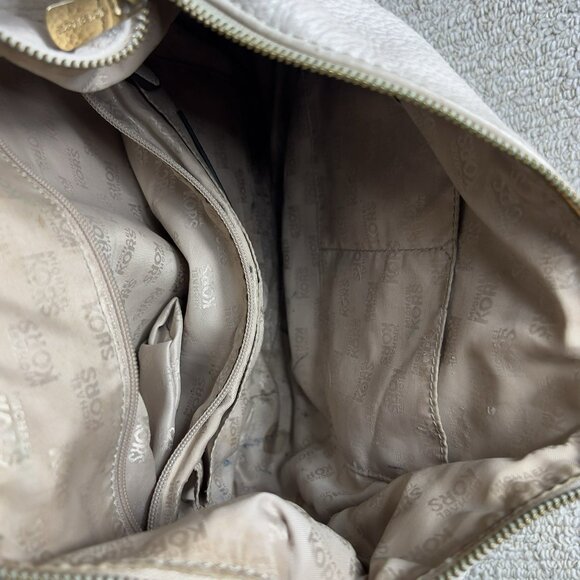 Michael Kors Fulton Large Leather Shoulder Bag Off White - Picture 3 of 5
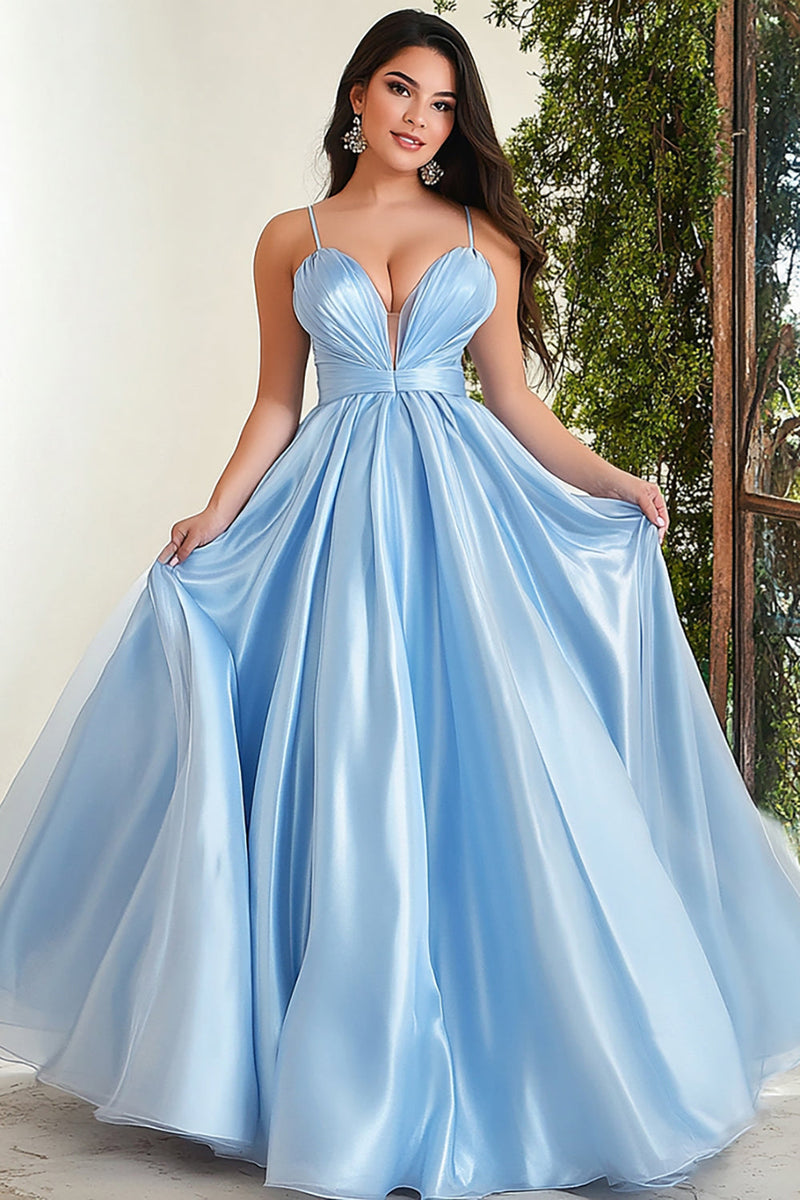 Load image into Gallery viewer, Sparkly Sky Blue Satin Spaghetti Straps Ball Gown Long Prom Dress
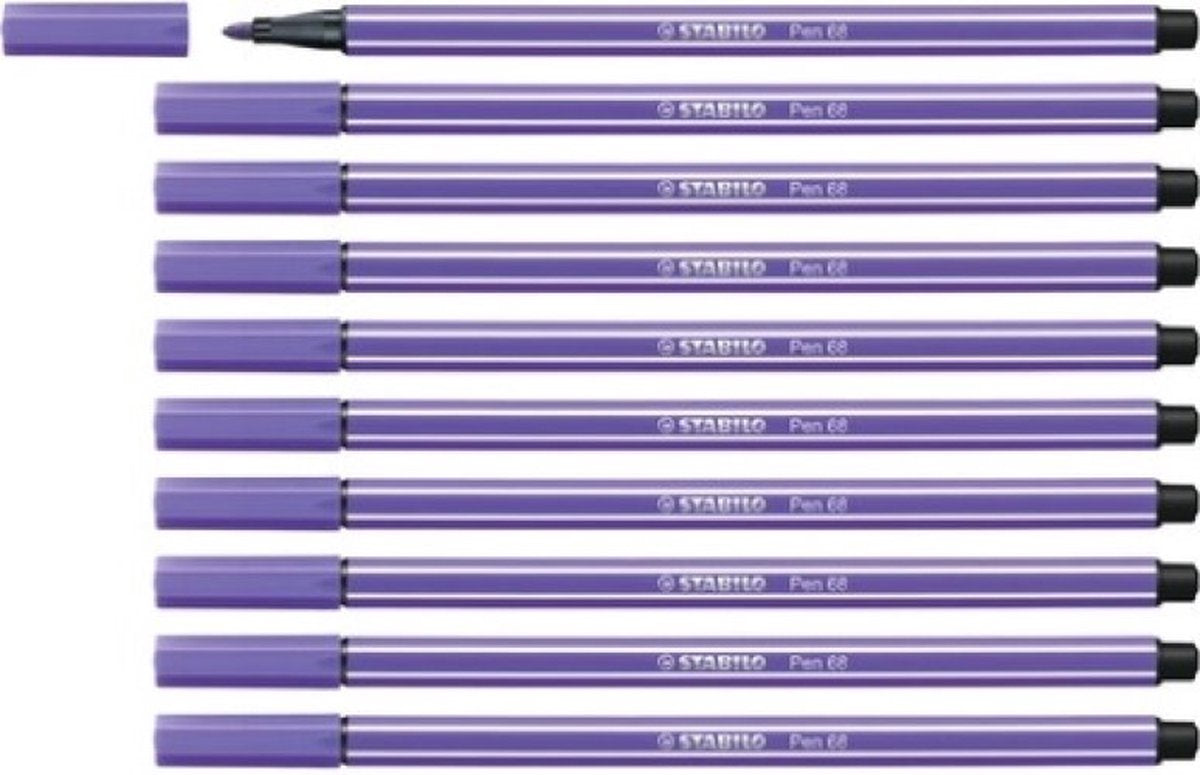Stabilo Pen 68 – Premium-Filzstift – Lila – Box mit 10 Stück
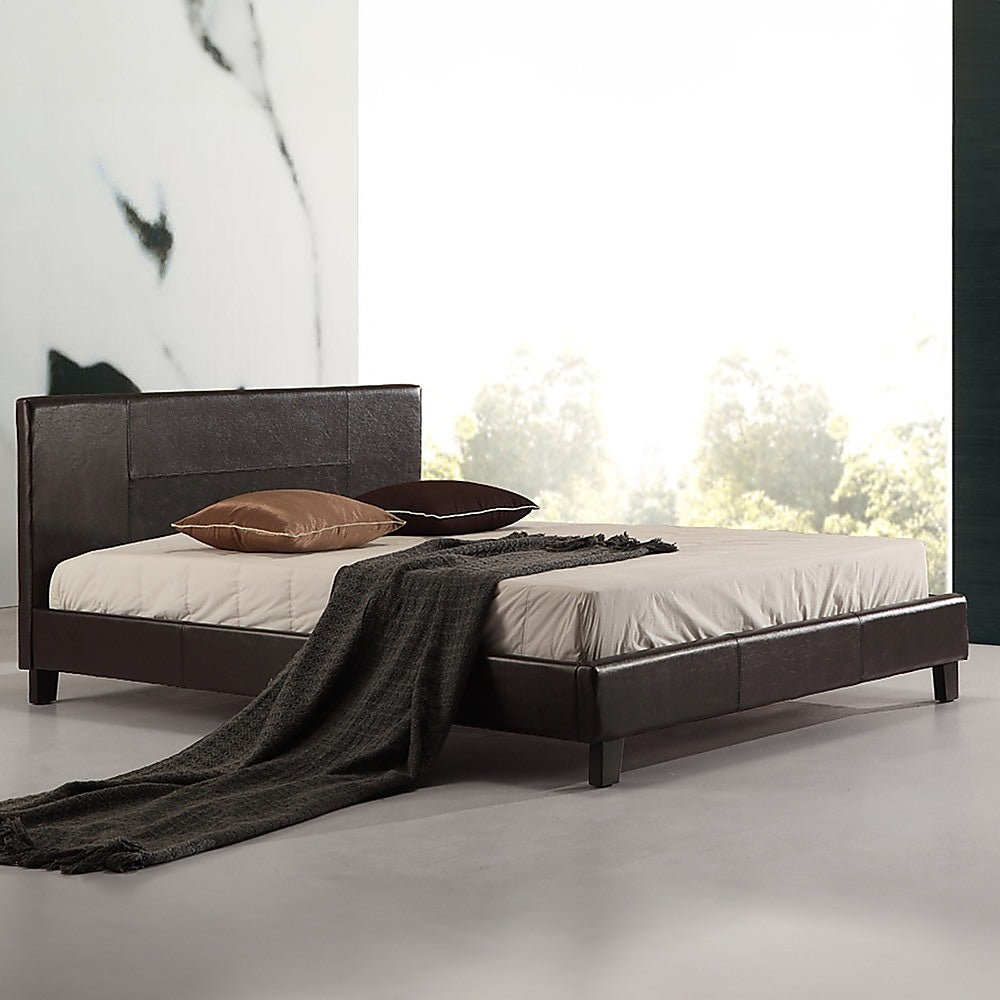 Queen PU Leather Bed Frame Brown-Bed Frames-PEROZ Accessories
***
Problem to solve: Copy each line of the listing exactly, skipping any picture.

Answer to this problem:
 Michael Kors Fulton Large Leather Shoulder Bag Off White - Picture 3 of 5
 Load image into Gallery viewer, Sparkly Sky Blue Satin Spaghetti Straps Ball Gown Long Prom Dress
Stabilo Pen 68 – Premium-Filzstift – Lila – Box mit 10 Stück
 Queen PU Leather Bed Frame Brown-Bed Frames-PEROZ Accessories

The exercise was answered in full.